→ **Action item**: Only the lines from the "Cadillac-sedan-deville-1965-16" line through the last line of the material below belong in the answer, reproduced exactly and with no pictures.

Start of Block

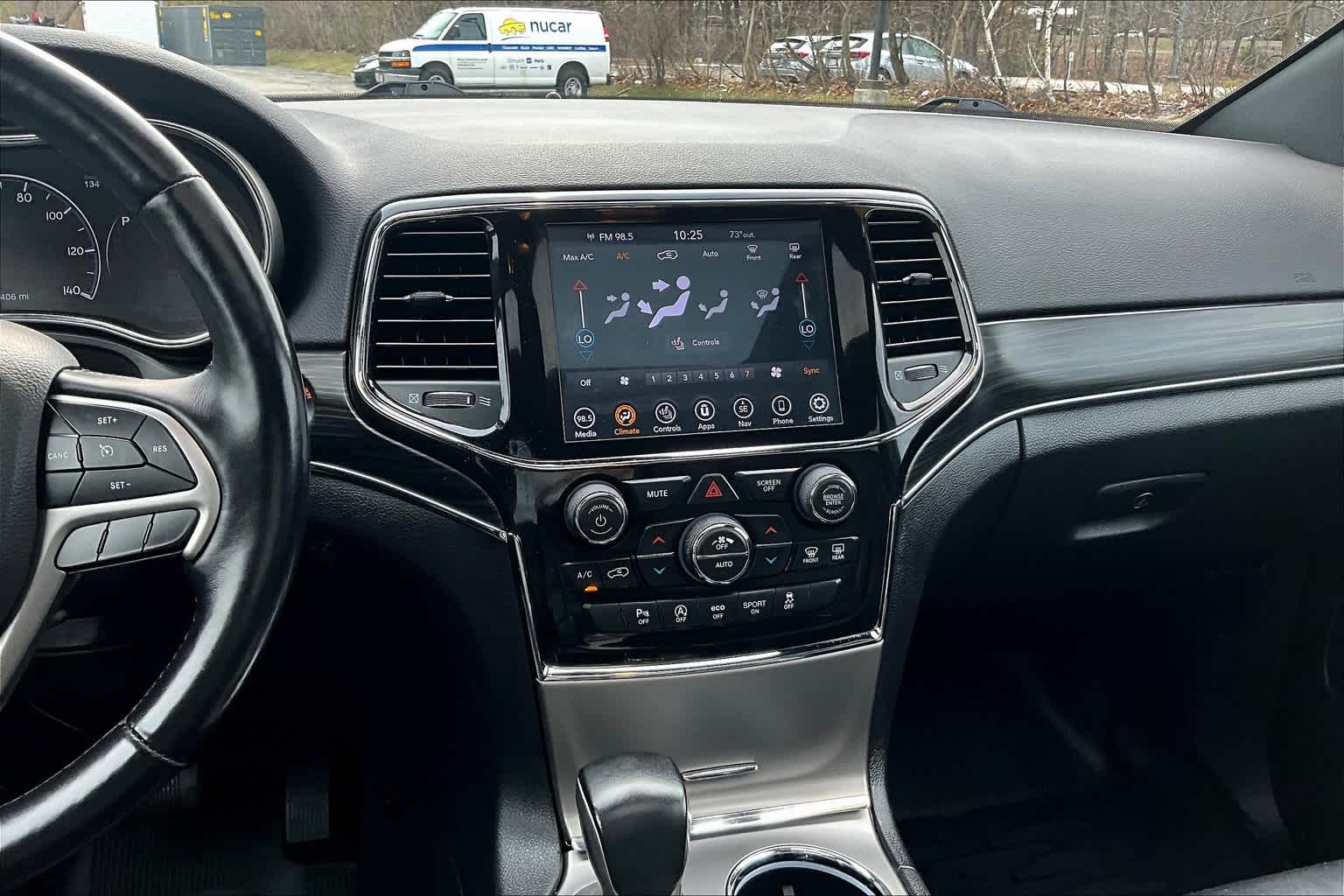 Vehicle image 17 of 35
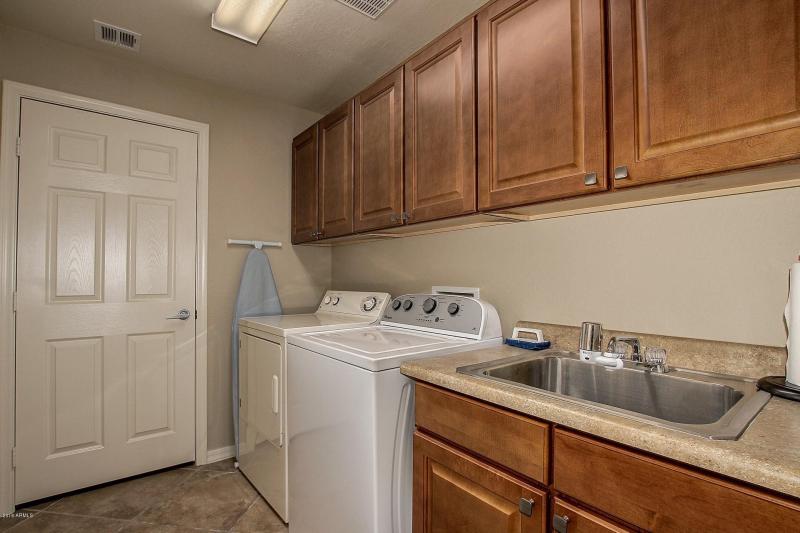 VTC 2064 LAUNDRY ROOM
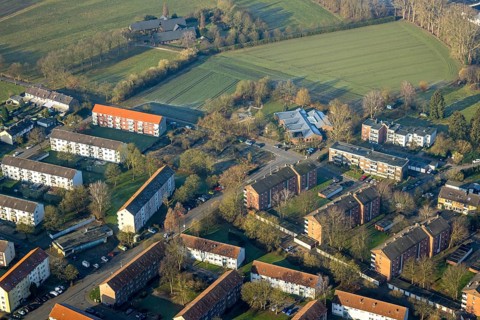 Aerial view, Heilig Kreuz catholic kindergarten, Herringen district, Hamm, Ruhr area, North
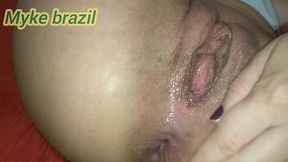 larissa leite e uma diarista muito legau ela trabalha buito bem ela foi faser facina na casa do myke brazil e ela acabou dando o cuzinho bem gostoso para o.myke brazil.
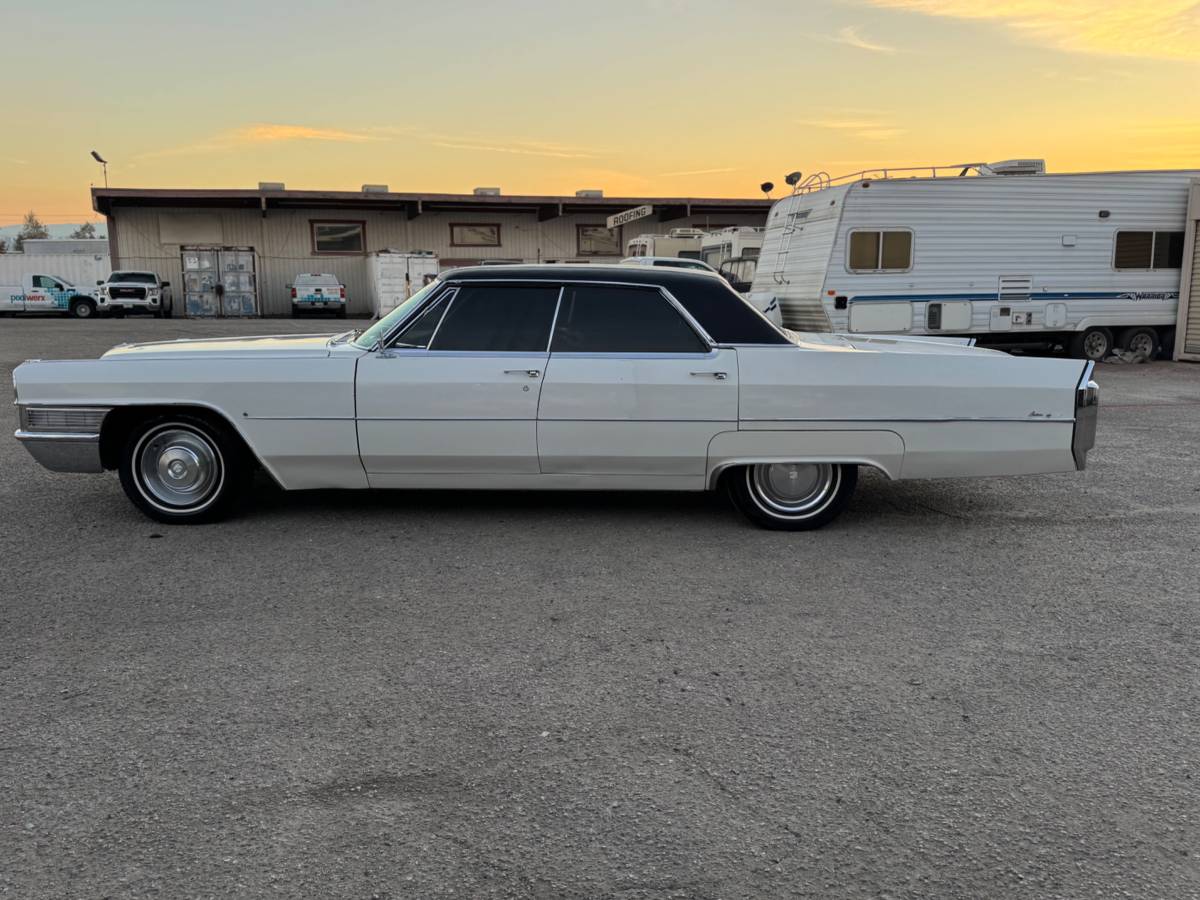 Cadillac-sedan-deville-1965-16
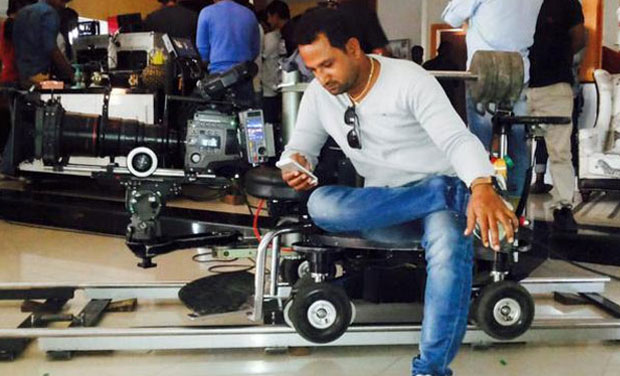 'Dilwale' team roll their camera at Charninar, Hyderabad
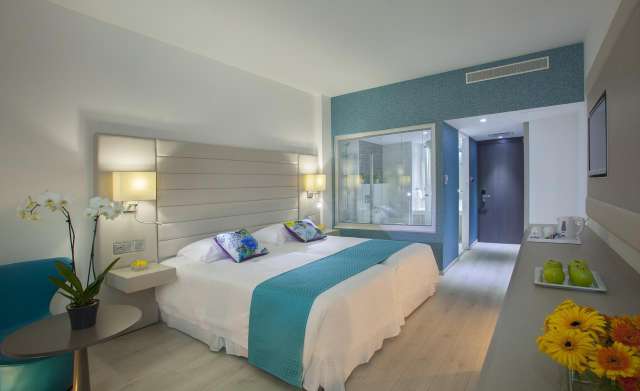 Vacanta pe Insula Afroditei Cipru 5 nopti demipensiune 439 euro! King Evelthon Beach Hotel and Resort5*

End of Block

→ **Answer area**:
 Cadillac-sedan-deville-1965-16
 'Dilwale' team roll their camera at Charninar, Hyderabad
 Vacanta pe Insula Afroditei Cipru 5 nopti demipensiune 439 euro! King Evelthon Beach Hotel and Resort5*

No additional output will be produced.